Wayne: Then it’s not just a clever name.

Call me odd, but that exchange sprang to mind years ago when I first drank a bottle that crammed the word’s “Best” and “Great” side by side on the label. As with the not-so-Fab Four from Wayne’s World, Best’s Great Western isn’t just a clever name. In my experience the wines merit just about any superlative you can throw at them.
Founded in 1867 in the Grampians region of Victoria, some 200km west of Melbourne, the winery is especially noted for its Shiraz. The wine it crafts from the world’s oldest Pinot Meunier vines is a treasure, while its Riesling also has its fans (you’re reading one).
But we’re here today to talk about Cabernet Sauvignon – yup, boring old Cab. I was discussing the recent Bonnezeaux Gonzo post on this prickly old character with a prickly old character I work with, who related the agony and ecstasy of polishing off his last remaining bottle of 2010 Best’s Cabernet. The logical conclusion to that conversation was to try to track down any surviving family members. It wasn’t easy but we managed to salvage a dozen to split between us.
Sure enough, the wine’s a beauty. But its main appeal as a blog subject was the way it drew attention to an underappreciated variety/region pairing at a non-threatening price point. If you can’t get hold of the bloody stuff, it kind of defeats the object. What’s more, the bloke who made the 2010 has since fled to the (Adelaide) hills. So it was that, in the name of research and fair access, I had to go get me more wine.
Adam Wadewitz, author of the ’10, is now penning a new chapter of his impressive winemaking journal at Shaw + Smith, leaving Justin Purser to plot the 2012. Purser sees a tendency in Australia to treat Cabernet like Shiraz, or else earmark it for blending. “My philosophy is that you’ve got to treat it differently from other varieties,” he says. “Cabernet has its own charms and off-putting points as well.”

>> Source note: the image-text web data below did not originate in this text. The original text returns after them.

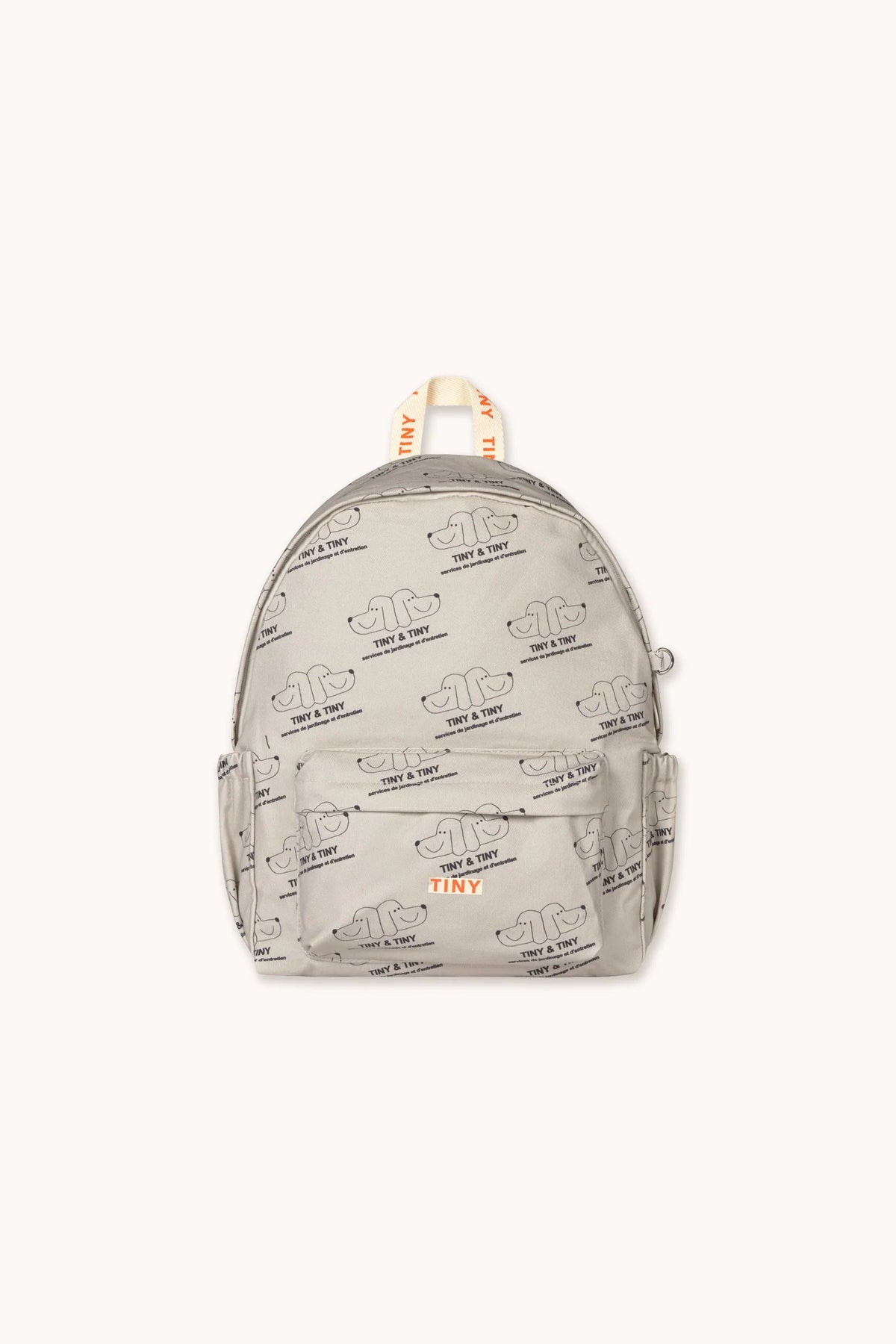 TINY & TINY BACKPACK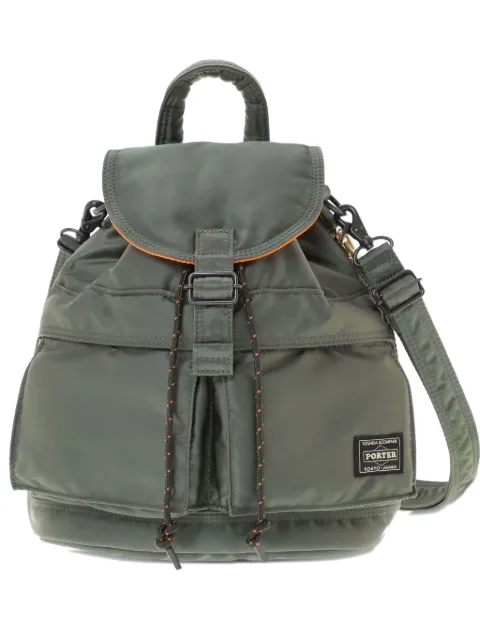 Porter-Yoshida & Co. Tanker backpack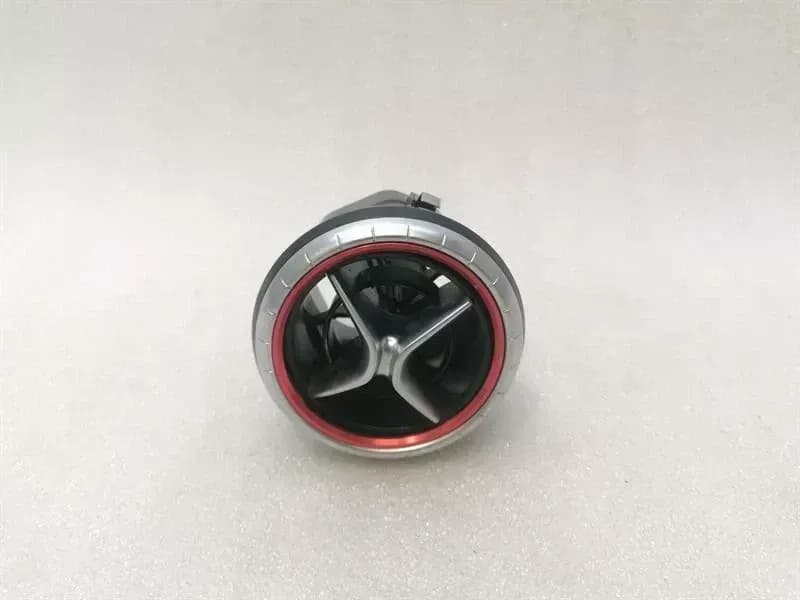 Mercedes CLA W117 C117 air vent A1178300554 ventilation nozzle ventilation grille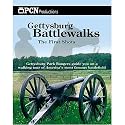 PCN Gettysburg Battlewalks: The First Shots
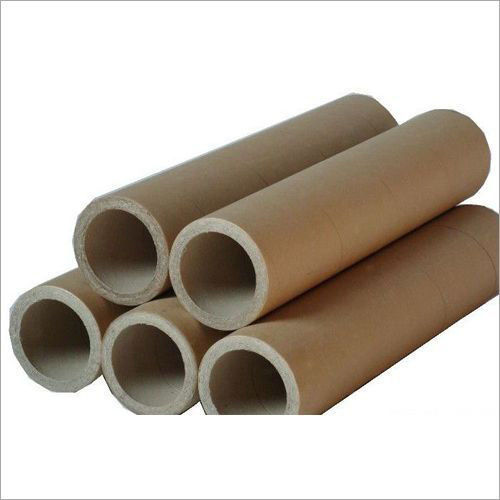 Kraft Paper Tube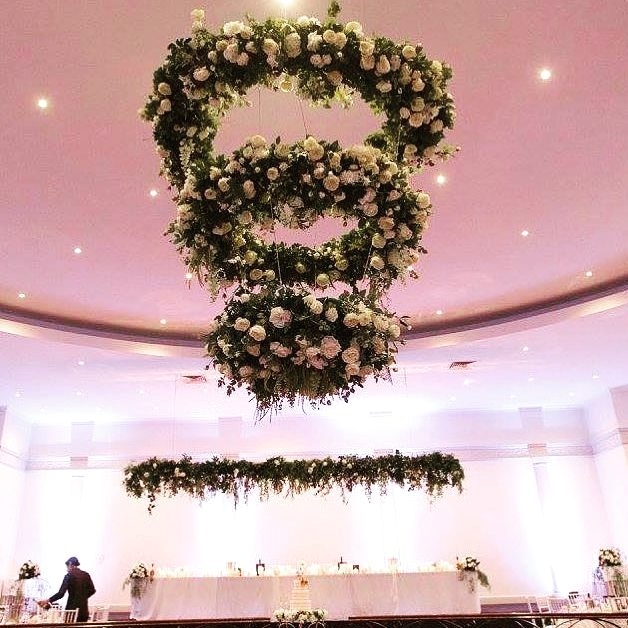 The Luxor Function Centre-1685851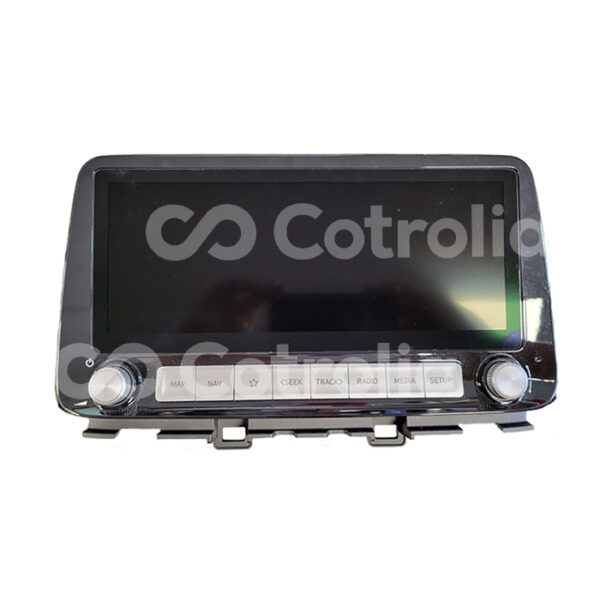 Autoradio Kia Hyundai IAH143308LE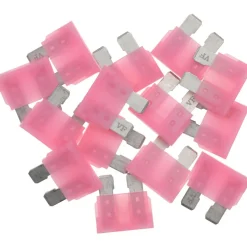 4 Amp, 32 VAC/VDC, Automotive Fuse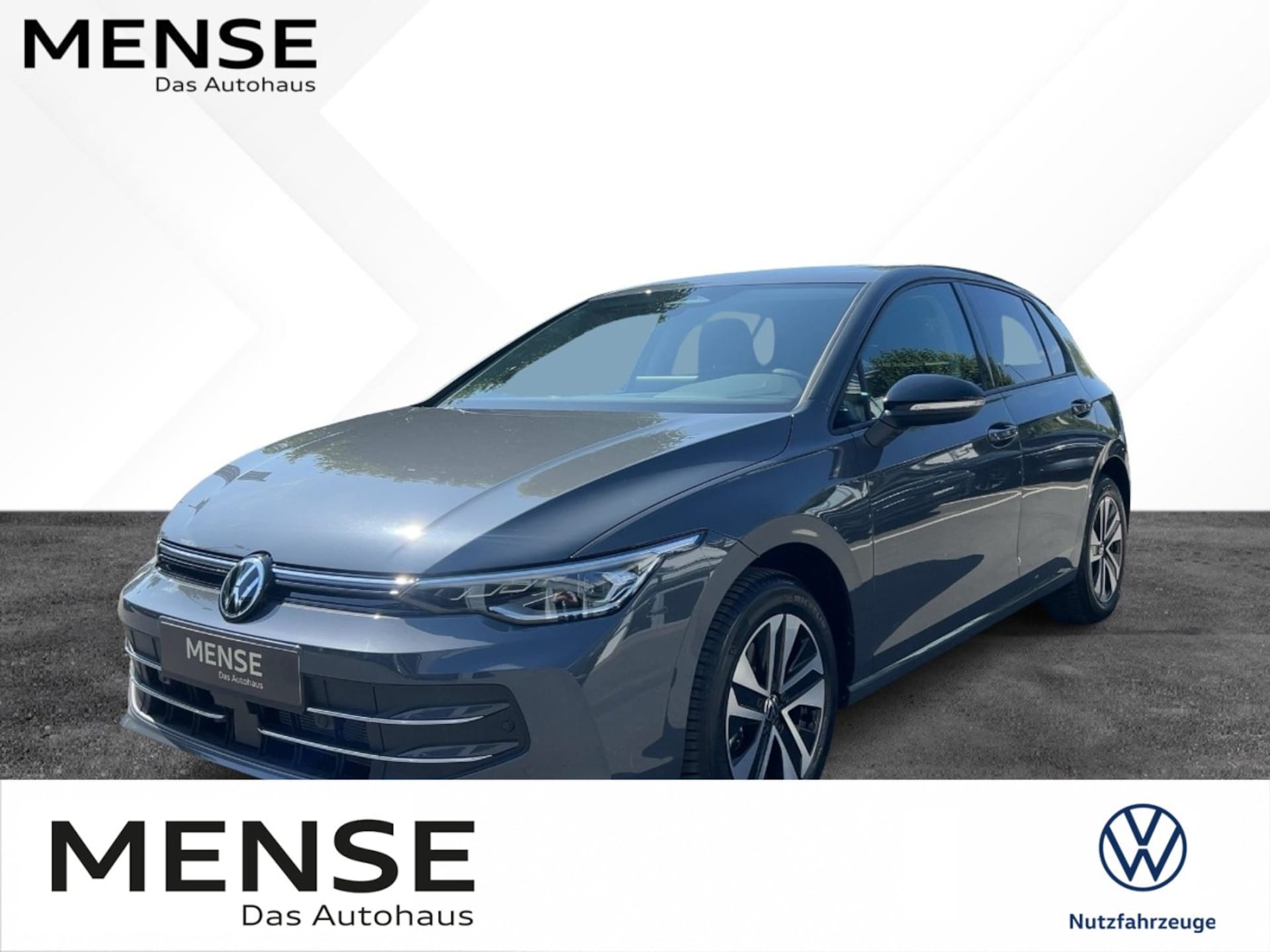 Volkswagen Golf ENERGY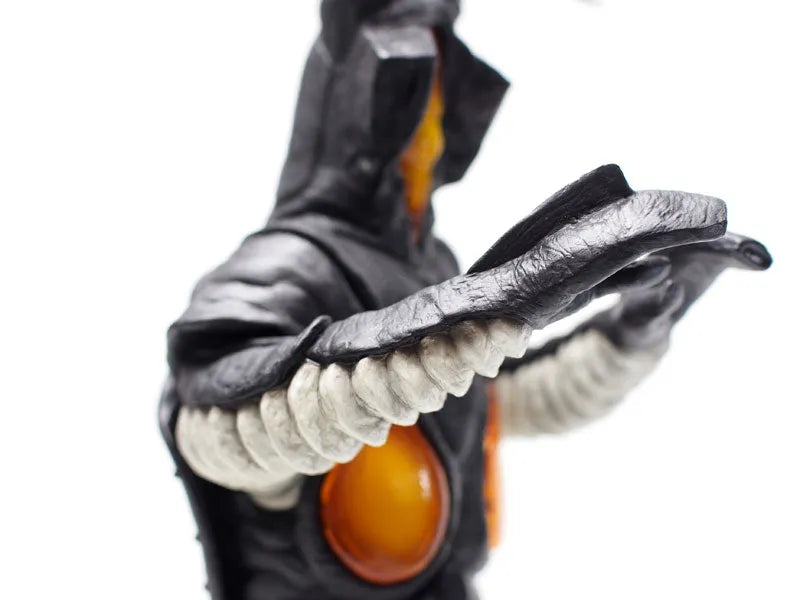Ultraman - Zetton - CCP 1/6 Tokusatsu Series (Vol.EX) - 1/6 - High Grade Ver. (CCP)ㅤ – CCP – ActionFigureBrasil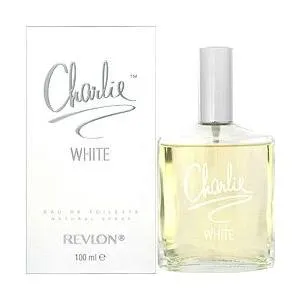 Revlon Charlie Blanco Mujer 100ml EDT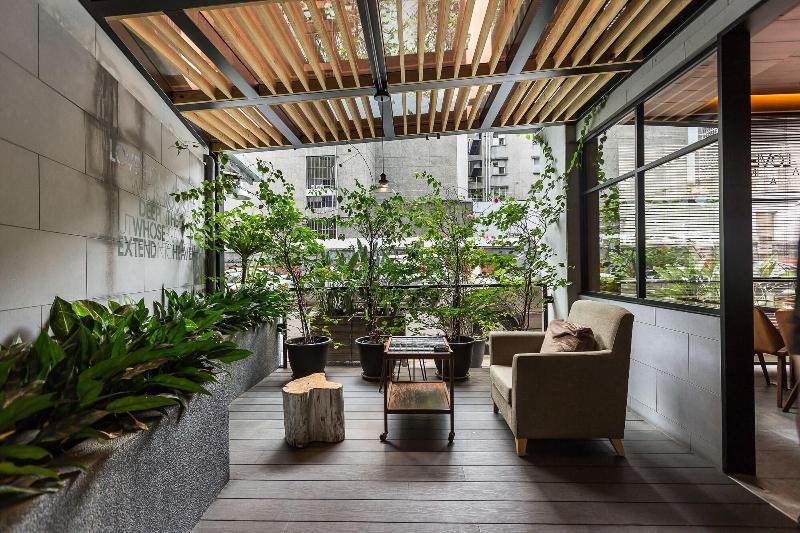 Fotos del hotel Inhouse Residence:  19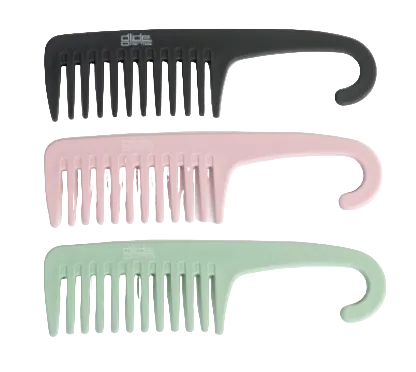 Glide - Hook Shower Comb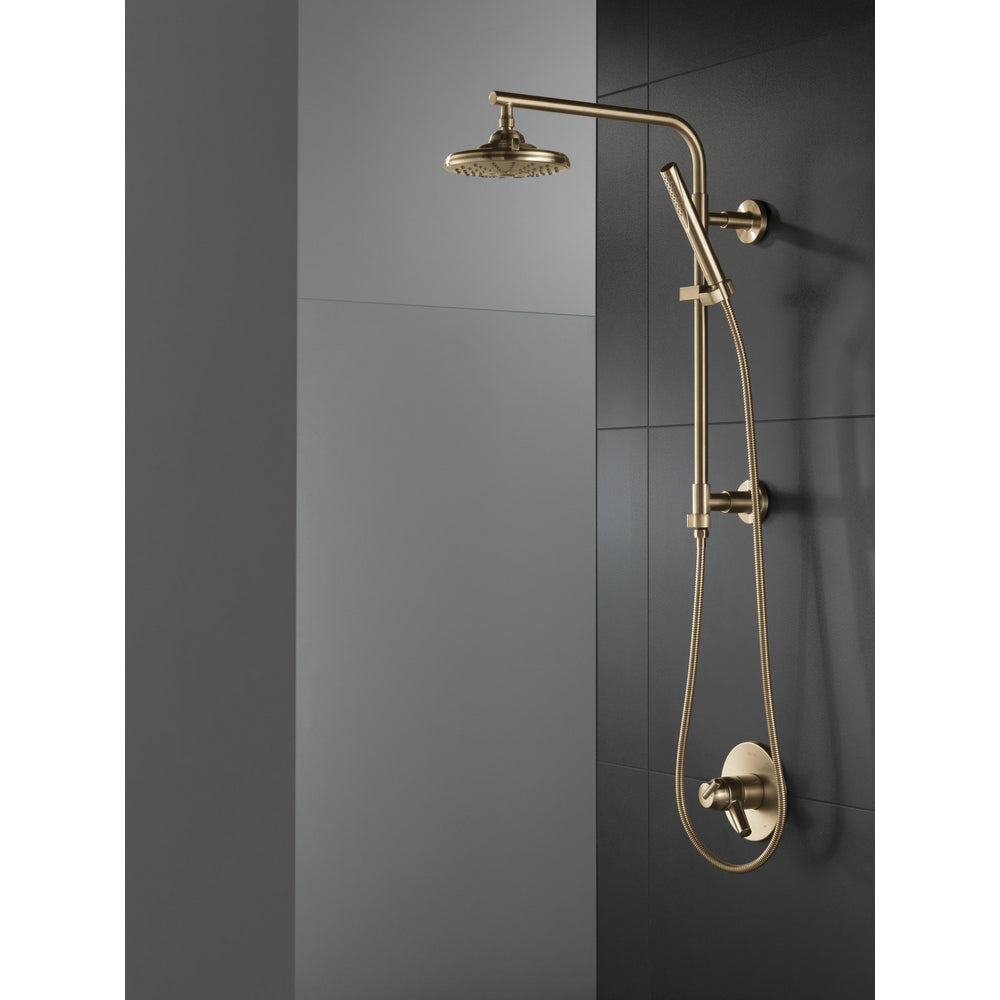 Champagne Bronze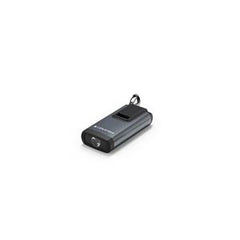 LEDLENSER K6R фенер, сив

To start with the negatives, flowering and fruit set can be troublesome and it ripens late in the season, which can make it a touch-and-go proposition in a cool region rising to 440m above sea level. Cabernet wines can be short on mid-palate fruit weight and long on tannin, so if you’re not careful you get something with a hole in the middle and a pile of grit around it. In any case it needs a fair bit of time in bottle to get its act together. But then Purser reels off the pluses: perfume, elegance, distinctive varietal character, neat expression of site and the promise of beauty with age.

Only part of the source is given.